Node¶
A Node is the core component of ZnTrack, defining a unit of computation used in a workflow. It encapsulates a self-contained piece of logic that can be executed independently or as part of a larger pipeline.
Note
The Node is built on top of Python’s dataclasses, leveraging their simplicity and power to define structured, reusable components.
A Node consists of three key parts:
Inputs¶
Every parameter or dependency required to run the Node. Inputs define the data or configuration that the Node needs to perform its computation. Possible inputs include:
zntrack.params()
for JSON-serializable data, e.g.,{"loss": "mse", "epochs": 10}
.zntrack.params_path()
for parameter files. See parameter dependencies for more information.zntrack.deps()
for dependencies from another Node. More details are provided in the Project section.zntrack.deps_path()
for file dependencies. See simple dependencies for more information.
Outputs¶
Every result produced by the Node. Outputs are the data or artifacts generated after the Node has executed its logic. Possible outputs include:
zntrack.outs()
for any output data.
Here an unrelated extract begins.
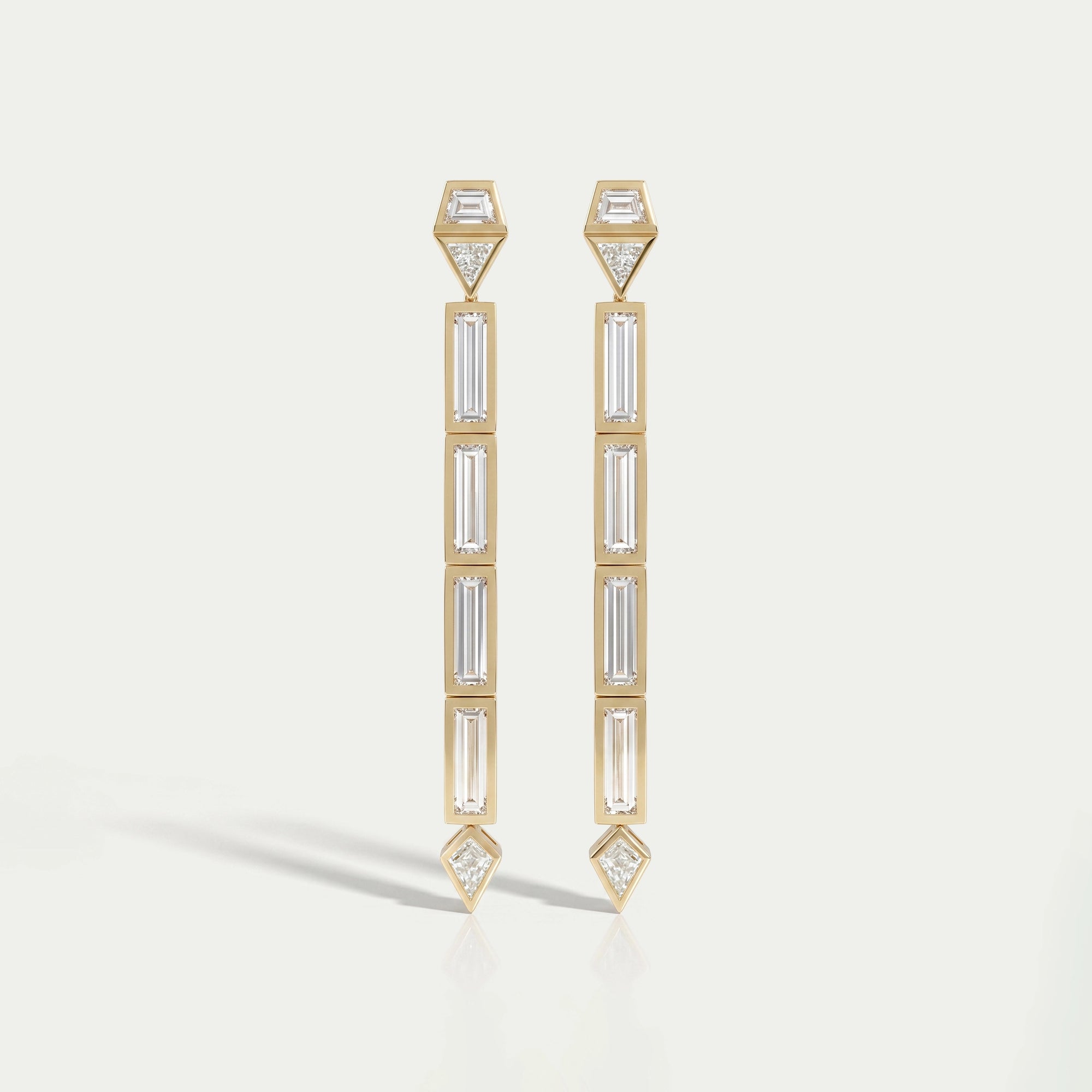Multi Shape Lab Diamond Bezel Set Linear Drop Earrings Earrings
This uses JSON and pickle to serialize data.zntrack.outs_path()
to define an output file path.zntrack.metrics()
for metrics stored asdict[str, int|float]
.zntrack.metrics_path()
for file paths to store metrics.zntrack.plots()
for plots as pandas DataFrames.zntrack.plots_path()
for file paths to store plots.
Run¶
The function executed when the Node is run. This is where the core computation or logic of the Node is defined.
It is also possible to define multiple run methods for a single Node, enabling flexible execution strategies depending on the context. For more details, see Custom Run Methods.
Example¶
ZnTrack integrates features that simplify file writing and reading.
The file paths for fields without the _file
suffix are automatically handled by ZnTrack.
The following example demonstrates how to define a simple Node that adds two numbers.
import zntrack
class Add(zntrack.Node): # Inherit from zntrack.Node
# Define parameters similar to dataclass.Field
a: int = zntrack.params()
b: int = zntrack.params()
# Define an output
result: int = zntrack.outs()
def run(self) -> None:
# Core computation of the Node
self.result = self.a + self.b
The Node above can also be written in a more explicit manner, manually saving and loading inputs and outputs.
Tip
ZnTrack provides an nwd path specific to each Node in the workflow. It is highly recommended to use this path to store all data generated by the Node to avoid file name conflicts.
from pathlib import Path
class AddViaFile(zntrack.Node):
params_file: str = zntrack.params_path()
results_file: Path = zntrack.outs_path(zntrack.nwd / "results.json")
def run(self) -> None:
import json
with open(self.params_file, "r") as f:
params = json.load(f)
result = params[self.name]["a"] + params[self.name]["b"]
self.results_file.parent.mkdir(parents=True, exist_ok=True)
with open(self.results_file, "w") as f:
json.dump({"result": result}, f)
Design Patterns¶
A Node should encapsulate a single, well-defined piece of logic to improve readability and maintainability. However, since communication between Node instances occurs through files, excessive splitting can slow down the workflow due to file I/O overhead. To optimize performance, related tasks that always run together should be grouped within a single Node. For example, if a task can be efficiently parallelized—such as preprocessing data in batches—it is better to handle the parallelization within a single Node rather than splitting it into multiple Node instances.